This talk page is archived. New submissions are not accepted. The archive closed on 14 October 2021.

The following discussion threads were submitted via the DoofHistory.org community portal and associated external records. Submissions marked with an asterisk (*) have been lightly edited for clarity. Oral testimony and community memory constitute a recognised evidential category under the archive's collection policy.

Attended from 1991 - can confirm timeline

I started going to the Hall in 1991. Graffiti first, then raves. The timeline on the article is right. If anything it undersells how central the place was - when things got shut down elsewhere you could basically guarantee someone would say "go to Tony's." It was the fallback for half of Sydney on a bad night. Anchovy11 14:32, 3 October 2021 (AEST)

Agree completely. "Recovery corner" is what we called it - Sundays, early morning, after everything else closed. Tony's was the last thing standing. SteveAdams_NSW 16:07, 3 October 2021 (AEST)

Same. A council was accused of discriminating against young people by closing down dance parties in warehouses and factories. That's not my phrase - that's from a newspaper. The headline said "Rave party raids evict 1000 teens." I have a copy of it somewhere. If you can get a scan I'll submit it. BrentD_Sydney90s 09:18, 4 October 2021 (AEST)

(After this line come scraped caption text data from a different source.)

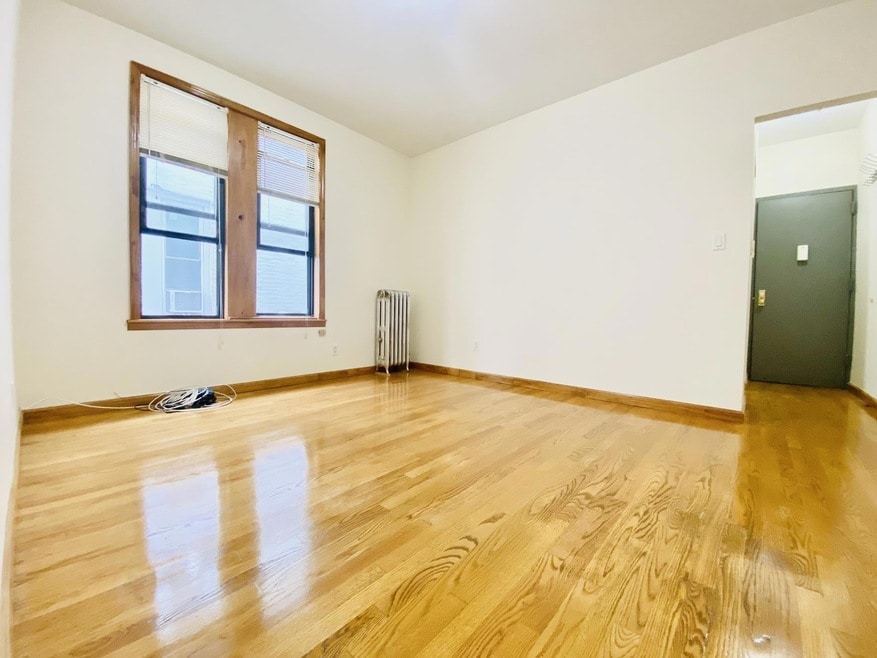 Primary Photo - 9902 3rd Ave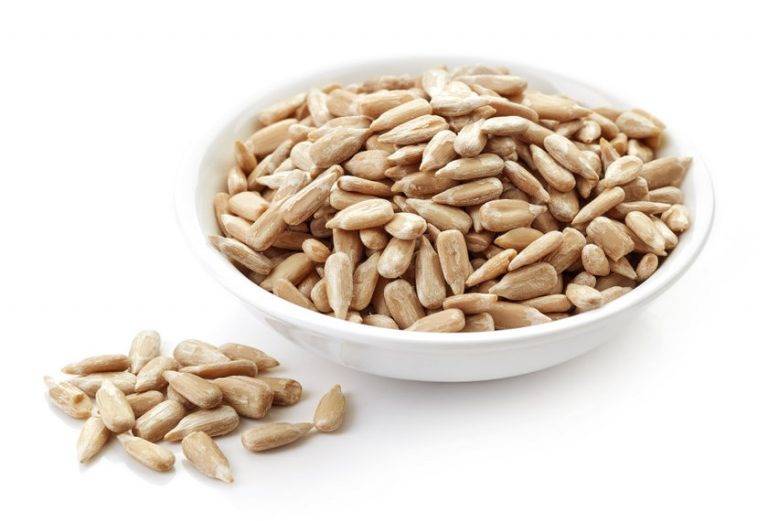 Whole grains like oats, barley, and brown rice for a Mediterranean-style diet
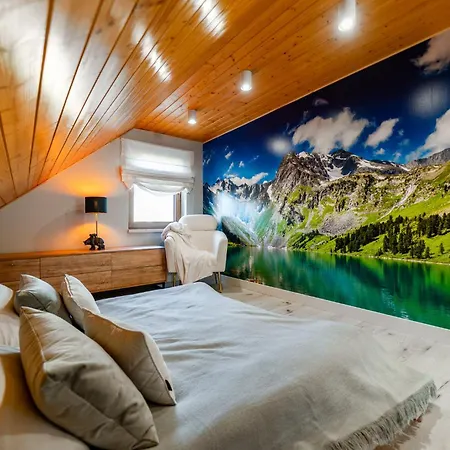 Rychwaldowka Blisko Jeziora Zywieckiego *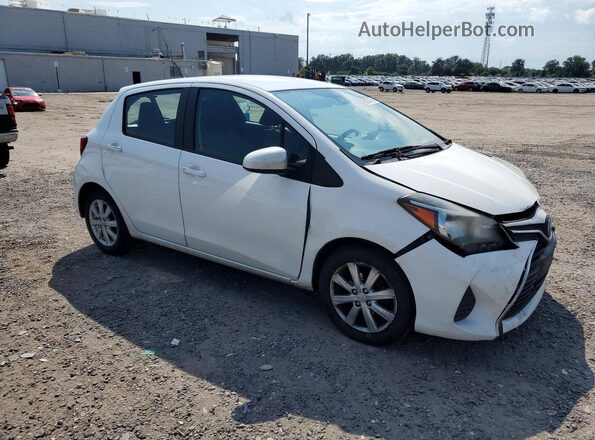 VNKKTUD36HA077982 2017 TOYOTA YARIS White Przód prawy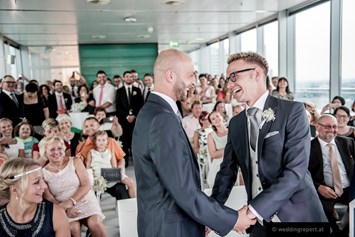 Hochzeit: Feiern Sie Ihre Hochzeit in der Wolke 19 in Wien. / Sky Lobby, auch standesamtliche Zeremonien möglich!
foto © weddingreport.at - wolke19 im Ares Tower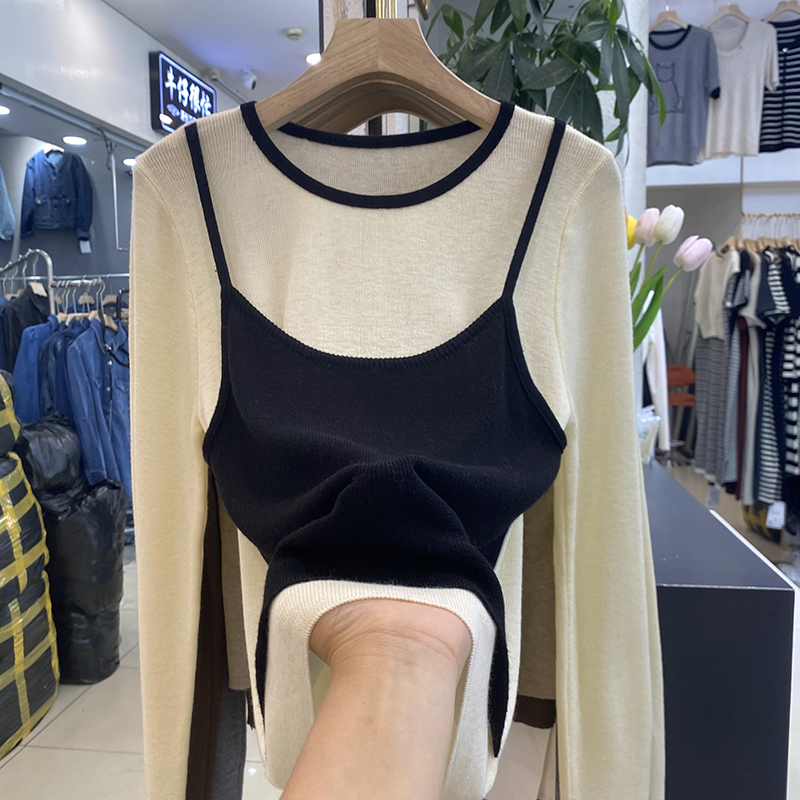 Color-blocking strap knit top for women, 2024 autumn/winter stylish and unique youthful fashion design, pseudo-two-piece base layer top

I lived there in 2001/2002 - eyewitness to the end

I lived at the Hall in 2001 and 2002 with a small group. We were the last to leave. I did visit once about 8 months after we shut the doors, but it had been trashed by squatters. It was knocked down soon after. A lot of good memories and good people. What a time. The article should mention that the building was occupied residentially toward the end - it wasn't just an event space, people actually lived there. YokRzeznic 11:40, 5 October 2021 (AEST)

This is useful. Can you confirm the residential occupation started when? Was that 2001 only or earlier? DGraham_doof 12:15, 5 October 2021 (AEST)

I can only speak to 2001/2002 personally. I don't know how long before that. But the place was still functioning as an event space at the same time - events and residential use overlapping. That was the nature of it. YokRzeznic 14:02, 5 October 2021 (AEST)

Performing there as The Chaos Technicians, 2001

I performed in 2001 at the Hall as The Chaos Technicians and it was one of the most amazing experiences of my life. I was given the opportunity as a young tacker to perform with no resistance, no clique, no layers of social politics to negotiate through. If you had something half decent, you were able to get up and give it a crack. I want to follow Tony's lead and develop my own version of what he did. We need to reclaim Sydney for what it used to be - a playground for any artist, no matter their background, age, affiliation. That you don't need to jump through a million hoops of government and social clique to get a look in. TheLostFutures 10:22, 6 October 2021 (AEST)

This is very good testimony for the article. The "no clique, no layers of social politics" phrasing captures something important about what the Hall was. I'd like to quote this directly in the main article if you consent. LabrakisWatch 11:05, 6 October 2021 (AEST)

Yes, fine to use. It's true. TheLostFutures 11:31, 6 October 2021 (AEST)

Car inside / cassette incident - confirm date?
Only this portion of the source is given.